| HN Mirror

Y	Hacker News new \| ask \| show \| jobs


	by jncfhnb 888 days ago
	No it’s not. You have everything you need to modify the models to your own liking. You can explore how it works. This analogy is bad. Models are unlike code bases in this way.

2 comments

tonyarkles 888 days ago

> You have everything you need to modify the models to your own liking.

What if I wanted to train it using only half of its training set? If the inputs that were used to generate the set of released weights are not available I can’t do that. I have a set of weights and the model structure but without the training dataset I have no way of doing that.

To riff on the parent post, I have:

    Source + Compiler => Binaries

For the vast majority of open source models I have:

    [unavailable inputs] + Model Structure => Weights

They’re not exactly the same as the source code/binary scenario because I can still do this (which isn’t generally possible with binaries):

    Model Structure + Weights + [my own training data] => New Weights

Another way to look at it is that with source code I can modify the code and recompile it from scratch. Maybe I think the model author should have used a deeper CNN layer in the middle of the model. Without the inputs I can’t do a comparison.

link

jncfhnb 888 days ago

> Maybe I think the model author should have used a deeper CNN layer in the middle of the model. Without the inputs I can’t do a comparison.

You can fine tune into a different model architecture.

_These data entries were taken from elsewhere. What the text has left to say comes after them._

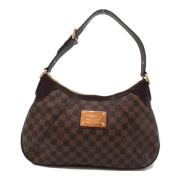 Louis Vuitton Vintage Pre-owned Canvas louis-vuitton-vskor Brown, Dam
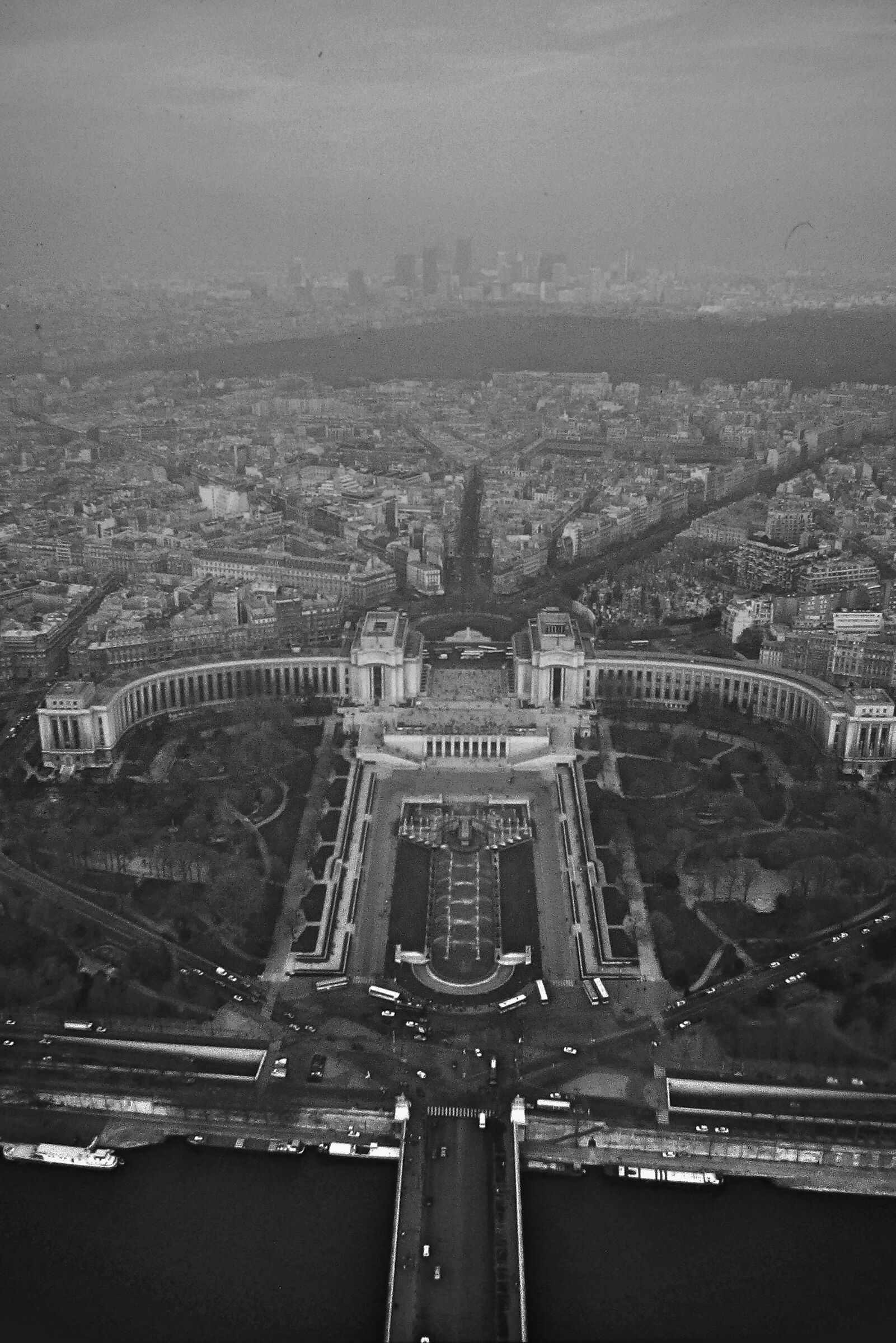 Trocadero from the Eiffel Tower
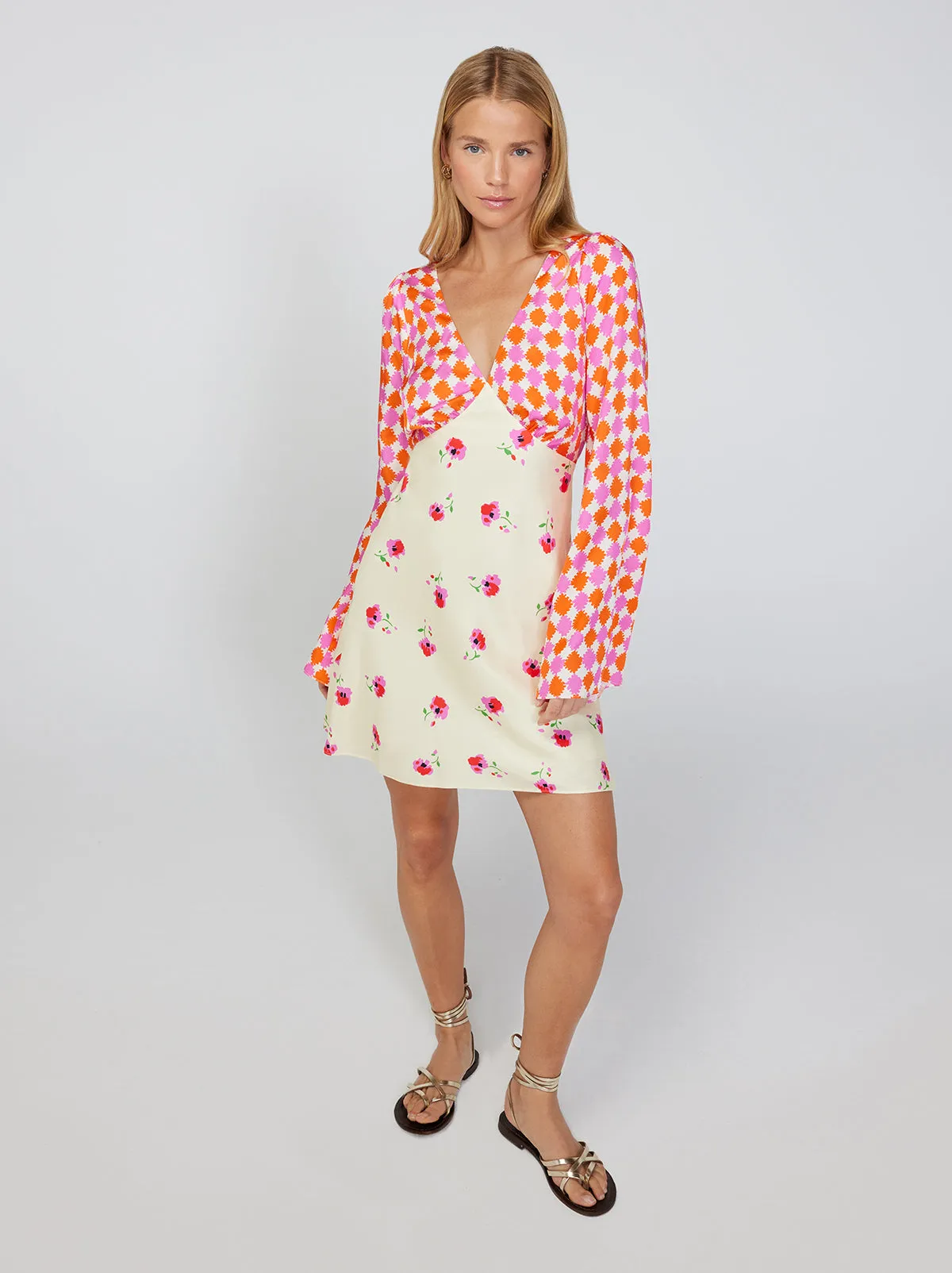 Rosalie Mixed Print Mini Dress sold by KITRI Studio product image thumbnail 2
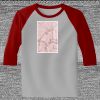 Raglan 3/4 Roundneck Shirt (Gray Body) Thumbnail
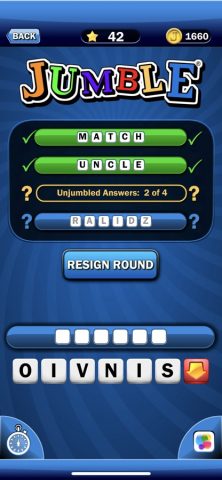 Just Jumble для iOS — скриншот 3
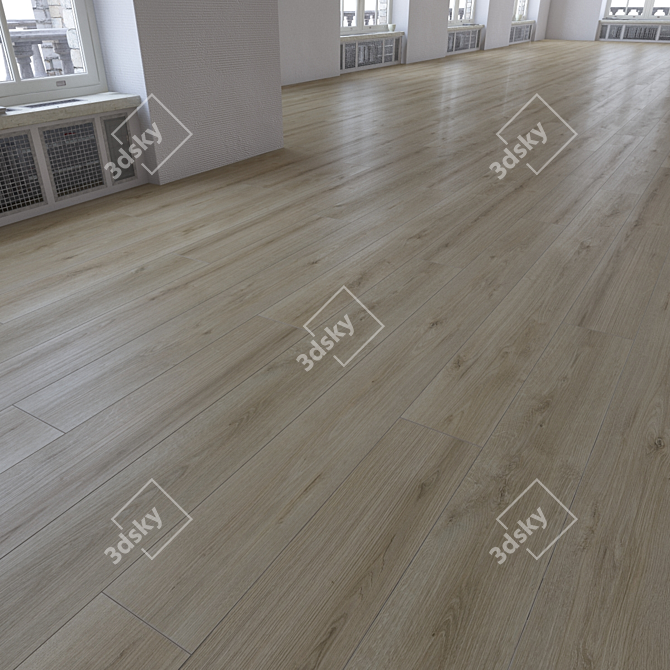 Versatile Laminate Flooring Kit 3D model image 3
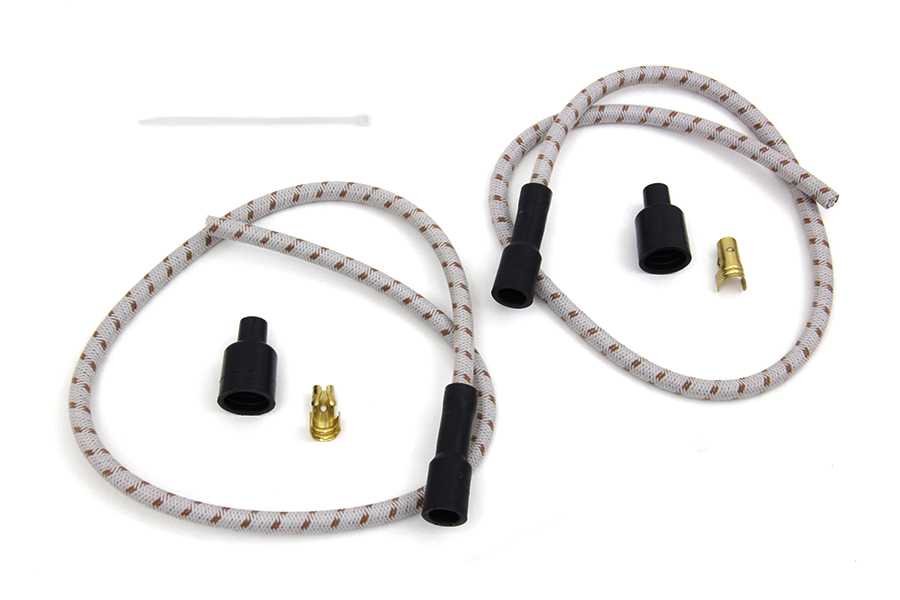 Sumax Grey with Brown Tracer 7mm Spark Plug Wire Set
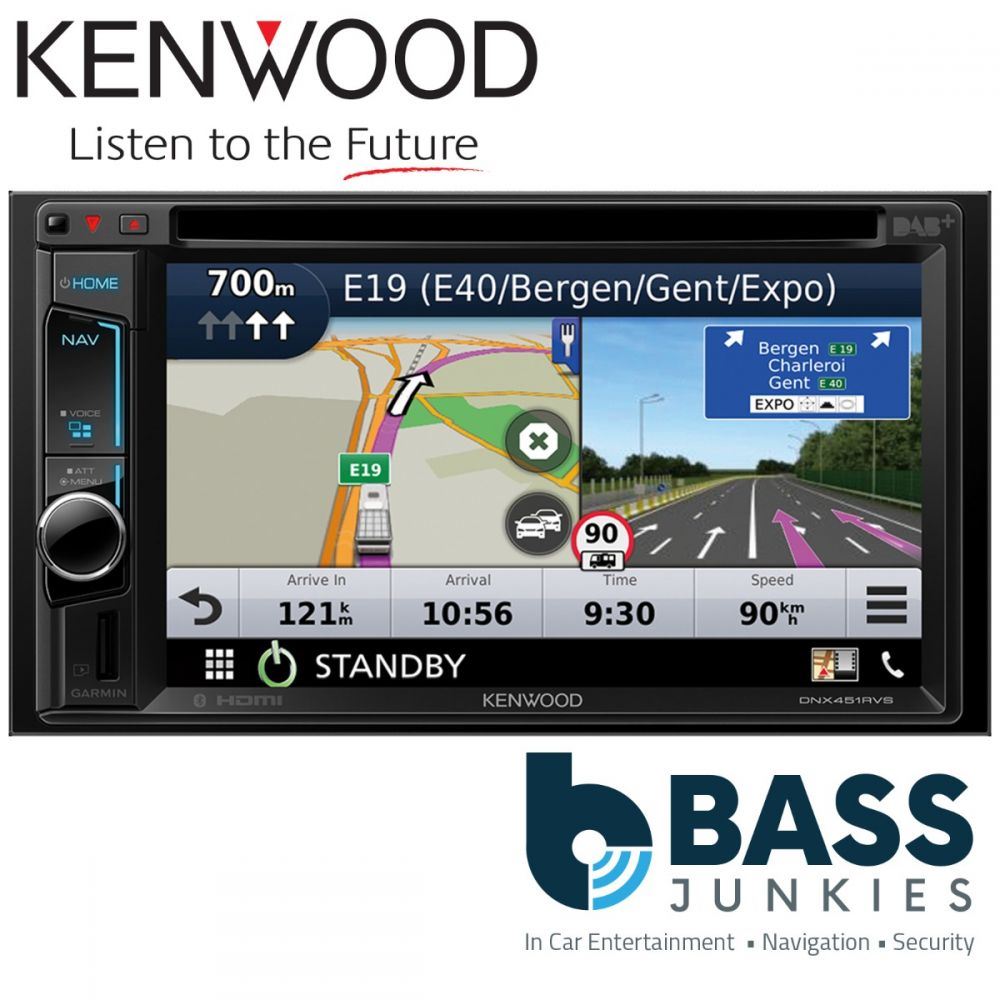 Kenwood DNX-451RVS 6.2'' Bluetooth DAB GPS MP3 USB CarPlay Car Stereo Screen Player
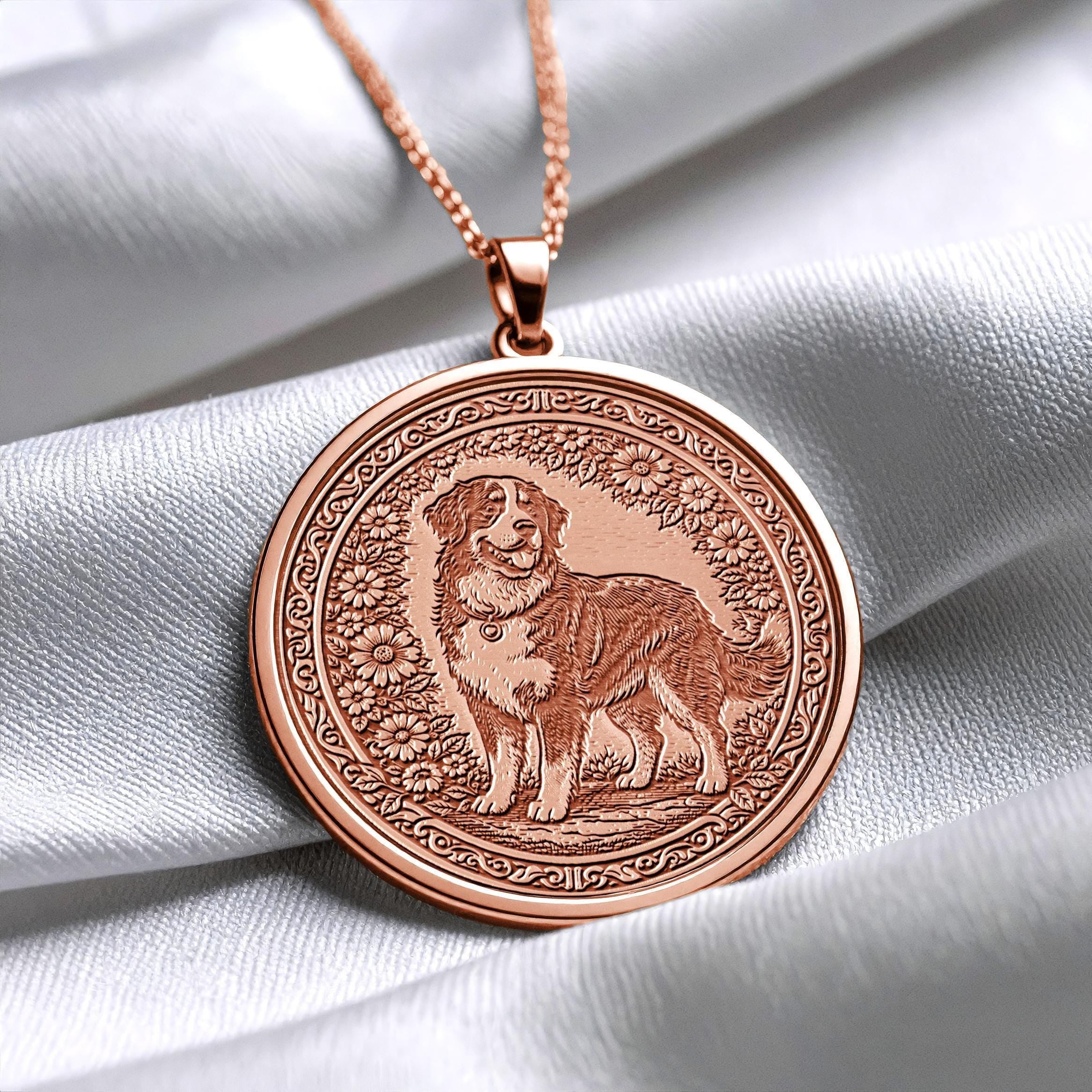 Bernese Mountain Dog Pendant – Necklace of Gentle Strength -412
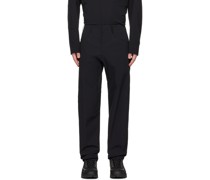 Black Voronoi Trousers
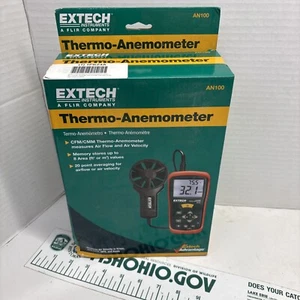 EXTECH AN100 THERMO-ANEMOMETER CFM/CMM - Picture 1 of 11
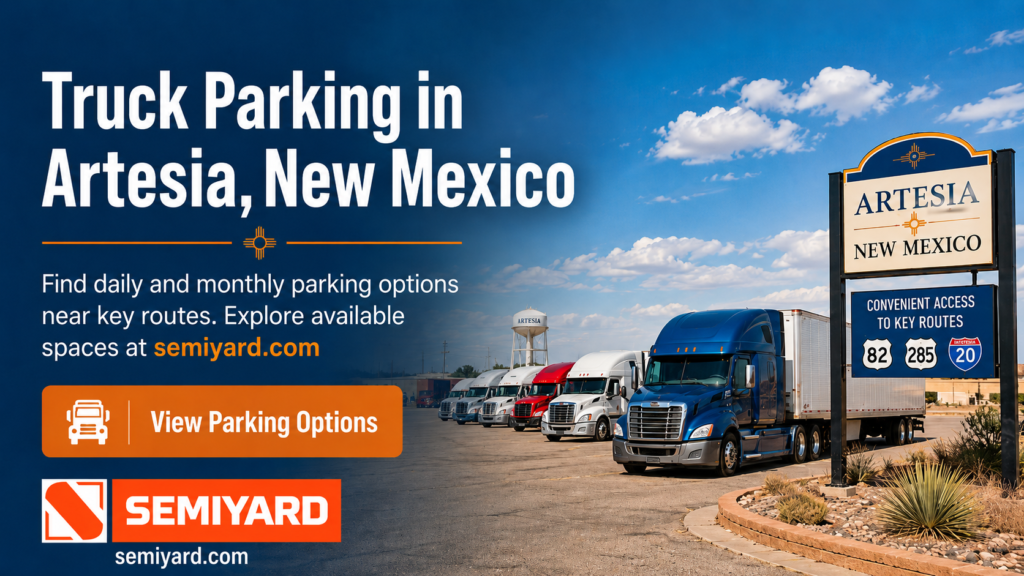 Truck parking in Artesia, NM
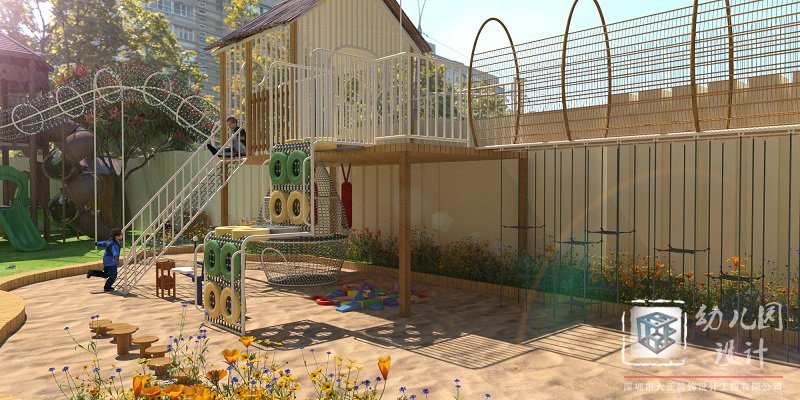 幼兒園設(shè)計(jì) - 需要一個(gè)有趣的戶外游戲空間設(shè)計(jì)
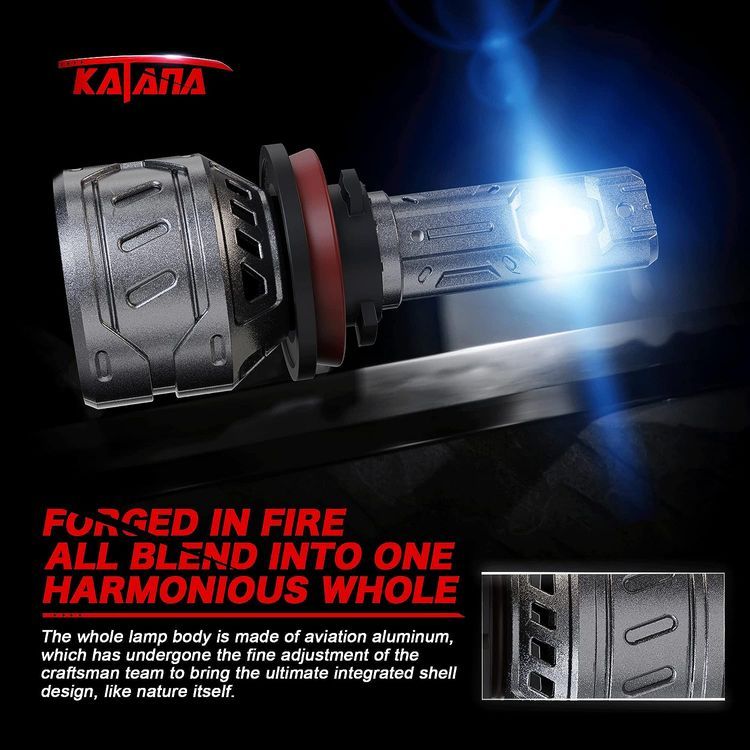 No. 3 - KATANA H11 LED Headlight Bulbs - 3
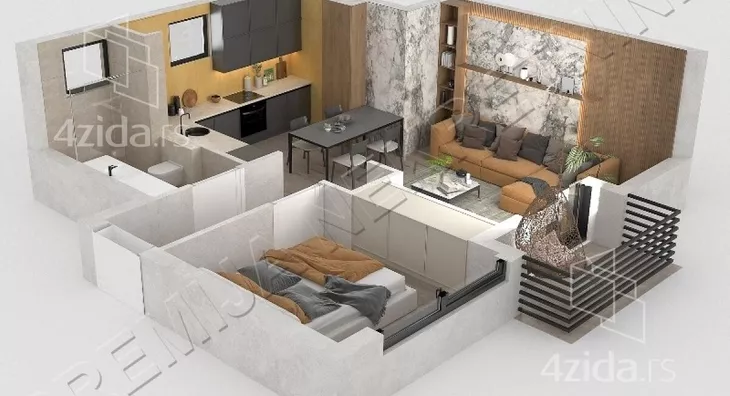 Dvosoban stan | 4zida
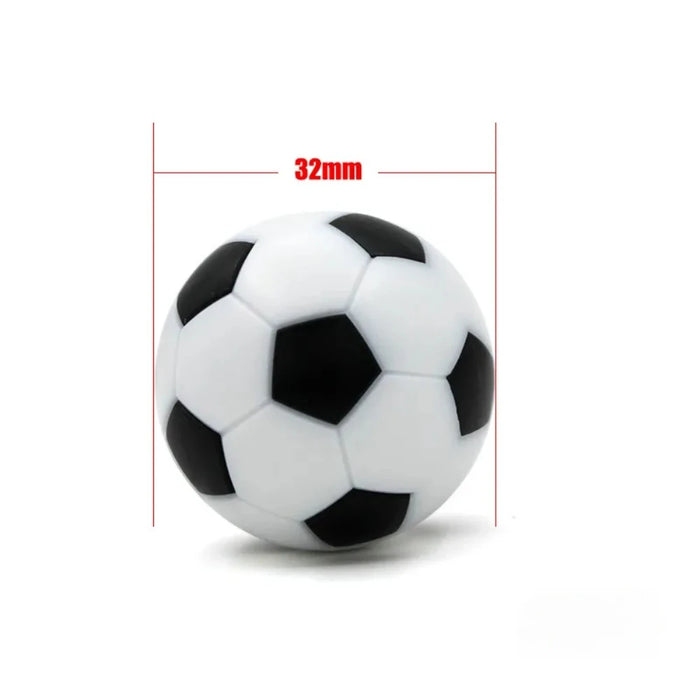 6 pcs 32mm Black White Soccer Balls for Mini Table Football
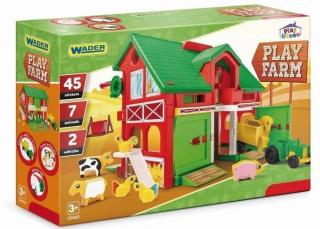 Wader Play Farm 25450 – Interaktywna Zabawka Farma z Traktorami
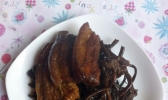 茶树菇烧肉的做法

You’re right on not being able to retrain the model from scratch on half its data without that data but that’s likely pointless.

link

tonyarkles 888 days ago

I’d be happy to be wrong about this but my understanding is that changing the architecture of the last few layers is feasible with fine-tuning but changing middle layers isn’t likely going to work very well without having the full original input set.

> likely pointless

It doesn’t take too much creativity to come up with ideas about why someone might want to do that:

- researchers who want to investigate how much the dataset can be reduced (and thus training cost) and what the accuracy penalty is

- someone who wants to for either religious or ethical reasons minimize the probability that the model was trained on pornography

- someone who’s curious about whether there’s significant redundancy in the existing input datasets

- someone who’s curious about whether there are a much smaller subset of images in the input dataset that can quickly help the first few CNN input layers converge before training the middle and output layers on the larger dataset.

Edit: I suspect the real reason they don’t want to share the input dataset is purely because a high-quality annotated dataset is a valuable commodity. While I don’t do ML work myself day-to-day, I do work with a team that does in a very niche field and I can only imagine how much effort they had to go through to get the annotated dataset that they’ve put together. Even just collecting the images for it involved many hours of drone flights in different locales around North America in varying weather and lighting.

link

jncfhnb 888 days ago

Original input set is irrelevant.

You will need some data of your own of course to fill in the blanks

Edit; however conversely, you can also splice out layers from one model into another original model. It’ll take some retraining, but this works!

link

anothernewdude 888 days ago

You can do the same with binaries. Can modify those all you want.

Models are the compiler + makefiles. Dataset is the code.

link

hn_acker 887 days ago

I don't know about the OSI's open source definition [1] in general, but specific licenses might consider makefiles and build scripts to be part of the source code. (For what it's worth, the free software definition from the FSF does consider makefiles and build scripts to be part of the source code [2].)

[1] https://opensource.org/osd/

[2] https://www.gnu.org/philosophy/free-sw.html

link

jncfhnb 888 days ago

No, it’s not the same. Yes, you can technically modify binaries, but it’s not at all the preferred way to modify the program.

link

anothernewdude 887 days ago

Congratulations. You've almost finished understanding my comment.

link

jncfhnb 887 days ago

Well you’ve failed and managed to be a dick

link